Maybe it’s about fairness, we all want to be treated fairly. Why should we be fair to someone who isn’t fair to us? And the only answer I can come up with is that it’s the right thing to do because we can’t orchestrate our lives based on other people actions.
Accountability comes up in my conversations a lot. What it feels like I encounter is people who are not accountable. MY personal opinion is that people who are accountable to no one can be destructive. Accountability is really accounting for ones behaviours, decisions and choices, so answering to it or for it. I also think that accountability is part of love. If you love someone you hold them accountable. Because being accountable for our actions makes us better people. It makes us better people because it helps us define, develop and uphold our integrity.
And the golden rule should be more achievable with our integrity intact right?
Being in a leadership position, and remember we can be leaders of our family, friend group, organization, team or similar, accountability is imperative to your functionality and foundation. If you are not holding your team accountable it will insight gossip, mistrust and fractured communications.
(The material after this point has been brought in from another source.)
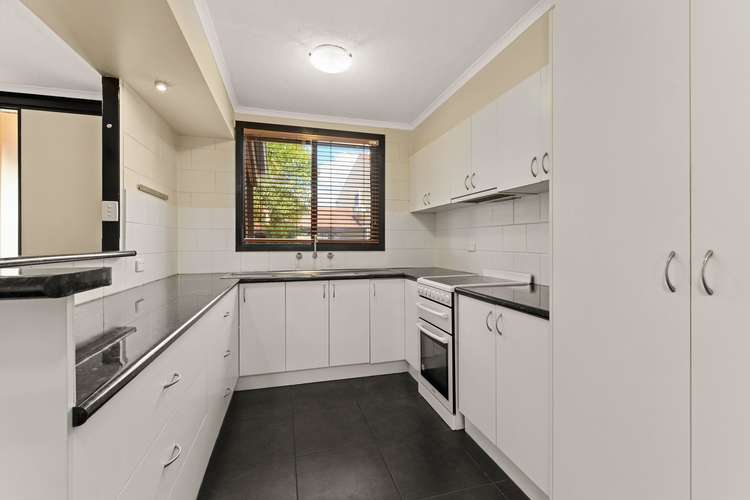 Fifth view of Homely unit listing, 2/521 Margaret Place, Lavington NSW 2641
It will hinder your ability to have the Golden Rule as part of your engagement rules.
This applies to parenthood, spouses, friends, employers and institutions like banks or mortgage companies. It might feel uncomfortable to hold people accountable, but just like when someone treats you very differently than you wish to be treated and reciprocity is at your will, doing the right thing is the answer.
So how do you do that? How do you hold people accountable?
You clearly communicate expectations, then reinforce those expectations, reward achievement, offer constructive correction when off course and then reiterate the expectation and or agreement. And in the event where mistakes or failures or irresponsibility occur, you query respectfully but convincingly and hold your position until an explanation is provided and a new course or corrective action is agreed to. You administer the golden rule of how and what and when and why and you abide by that rule.
And when you falter on the ethic of reciprocity, you own it, you apologize for it, you correct it and you start over.